Posted on April 14, 2014

Celebrate libraries in general and your local library in particular this week.

The theme this year is Lives Change @ Your Library. You can find stories about exactly how libraries have changed lives and Library Week info here. There are some links to downloadable materials at the American Library Association website

One thing that is happening today is that this year's Top Ten List of Frequently Challenged Books is released. “Challenged” books are those that have motivated people to write letters of complaint. Well, they don't just complain about the book – they ask that the book be removed from the library or restricted to only certain ages.

Basically, a lot of people who don't want to read a particular book, or don't want their kids to read a book, aren't satisfied with simply skipping that book – they don't want anyone ELSE to read the book, either. We are talking about people attempting to ban books, to censor reading materials.

Why do people want to ban certain books? The top reasons for challenges are for sexual material, “offensive” language, violence, homosexuality, and occult or “Satanic” themes. Many people complain that certain books are unsuited for kids or anti-family.

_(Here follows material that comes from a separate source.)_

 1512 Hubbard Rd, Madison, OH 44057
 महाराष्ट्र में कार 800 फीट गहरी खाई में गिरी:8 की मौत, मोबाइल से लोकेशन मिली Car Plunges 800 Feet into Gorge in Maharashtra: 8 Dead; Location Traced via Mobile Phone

Really popular books are often the ones that lots of people want to ban. For example, in 2012 the most challenges were about the Captain Underpants series, and in 2011 The Hunger Games trilogy was high on the challenge list. A decade ago the Harry Potter books continually found themselves topping the challenge lists.

By the way, even though librarians receive lots of challenge letters, they very rarely actually ban books. And that's as it should be! After all, each person has the choice NOT to read a book that IS there – but if a book ISN'T there, nobody has a choice.